Trump reads ‘The Snake,’ repurposed as anti-immigrant poem, at CPAC

President Donald Trump read the lyrics of an anti-immigrant song titled “The Snake” on Friday, reverting to a campaign staple that Trump has used to criticize United States’ immigration policy.

The song, written by the late singer-songwriter Oscar Brown Jr., tells the story of a woman who takes in a frozen snake she finds on her way to work. After the snake is nursed back to health, it bites the women and kills her.

Trump uses the song as an allegory to immigration law, suggesting that immigrants who come to the United States in search of a better life and help may end up hurting the country in the end.

“Did anyone ever hear me do ‘The Snake’ during the campaign” Trump asked the audience to raucous applause. “Because I had five people outside say, ‘Could you do The Snake?'”

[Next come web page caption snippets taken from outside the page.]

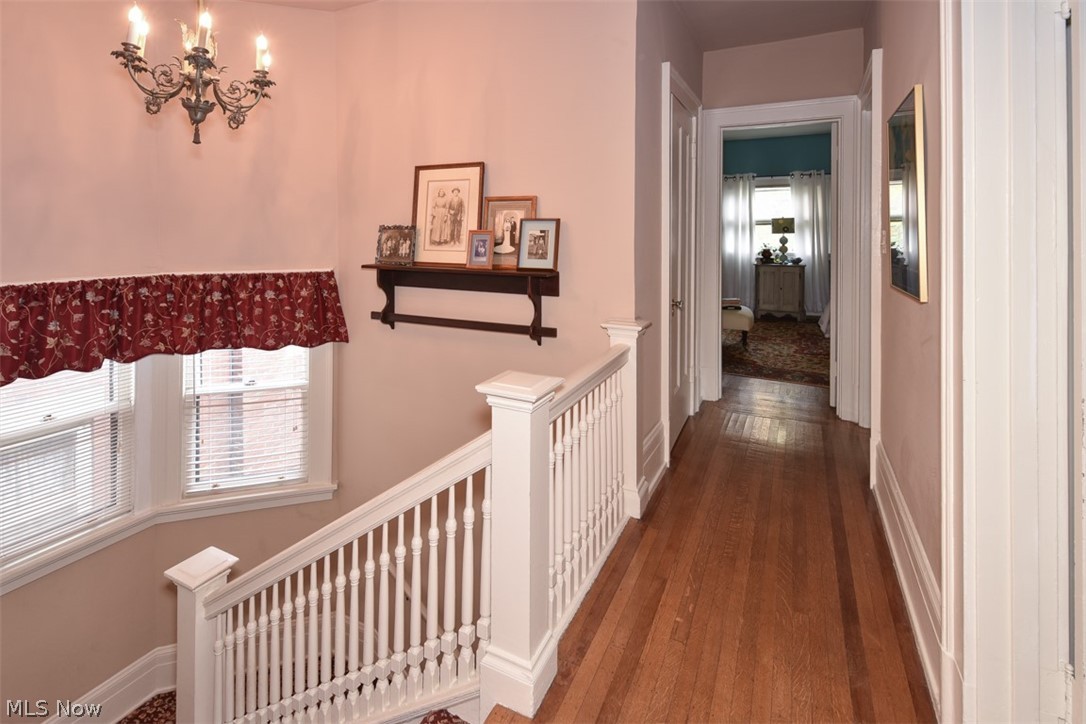 M M Browns - Residential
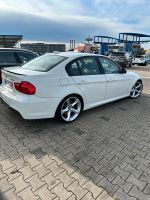 BMW 330d M Packet Edition Nordrhein-Westfalen - Bergkamen Vorschau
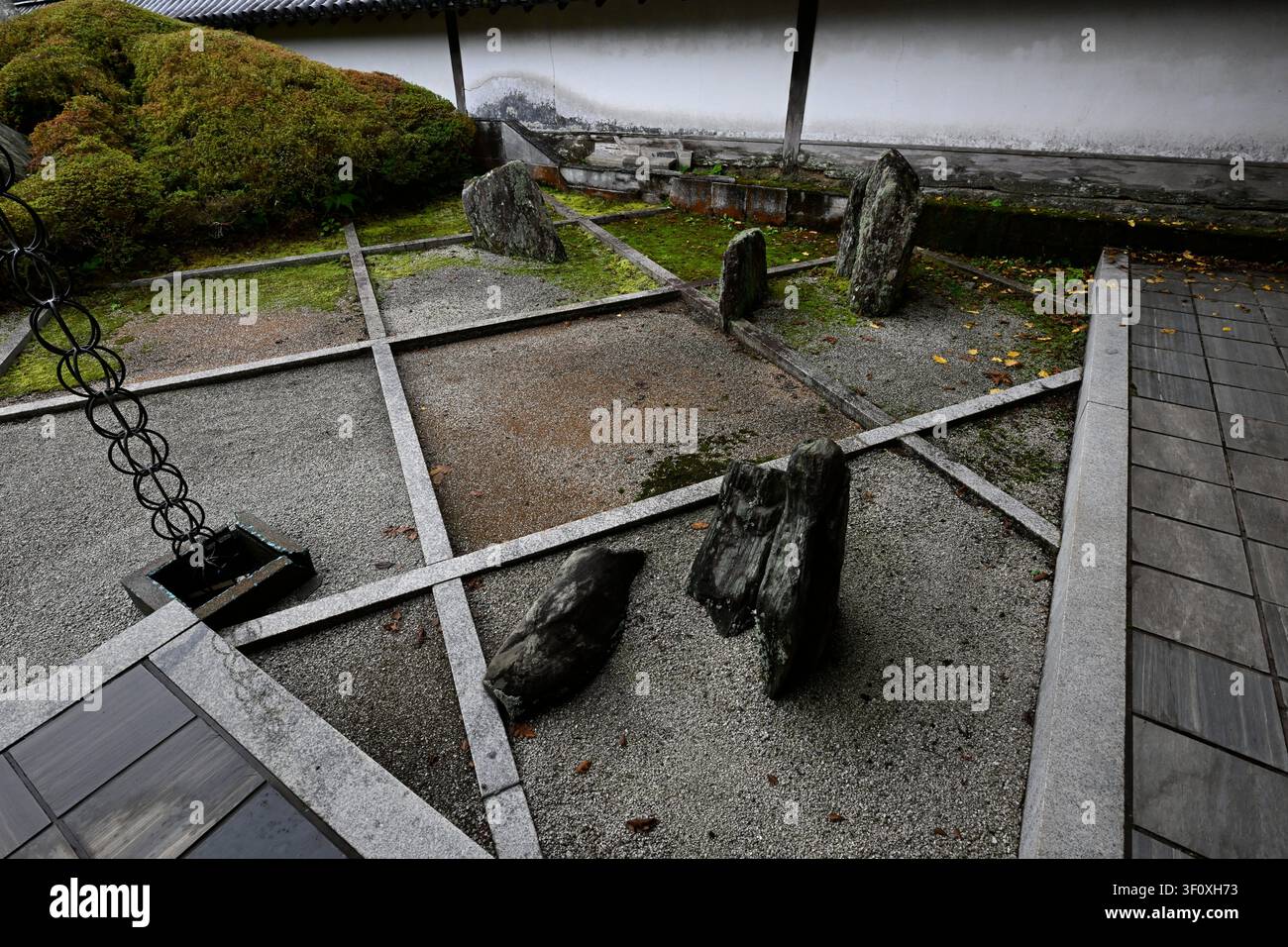 Der Zen-Trockengarten im Tempel Fukuchi-in, entworfen vom renommierten japanischen Landschaftsarchitekten Mirei Shigemori, zeigt eine elegante Komposition Stockfoto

He added: “So this is called, this is called ‘The Snake’ and think of it in terms of immigration. And you may love it or you may say, ‘Isn’t that terrible.’ And if you say, ‘Isn’t that terrible,’ who cares?”

The story was a staple of Trump’s 2016 campaign, regularly read at events to raucous applause as the businessman-turned-politician ran on a hardline immigration platform that included building a wall along the US-Mexico border and, at one point, halting all Muslim immigration.

Use of the song by Trump has morphed over time, however. Initially, Trump read the story as an attack against accepting Syrian refugees, who he claimed included terrorists hellbent on entering the United States.

But Trump, like he did on Friday, later began using the story to attack all immigrants.

“Immigration,” Trump said, before jumping into the story.

He last read the story at a rally in Harrisburg, Pennsylvania, to mark his 100th day in office.

“Let’s dedicate this to (then-Homeland Security Secretary John) Kelly, the Border Patrol, and the ICE agents for doing such an incredible job,” he said. “All right?”

Use of the song has long been controversial.

Brown, who died in 2005, wrote it in 1963 based on The Farmer and the Viper, one of Aesop’s fables. The moral of the story is that kindness can be betrayed.

But the Brown family, after seeing Trump seize on the song during the campaign, asked the then candidate to stop using it.

“We don’t want him using these lyrics,” Maggie Brown told the Chicago Tribune in 2016. “If Dad were alive, he would’ve ripped (Trump) with a great poem in rebuttal. Not only a poem and a song, but an essay and everything else.”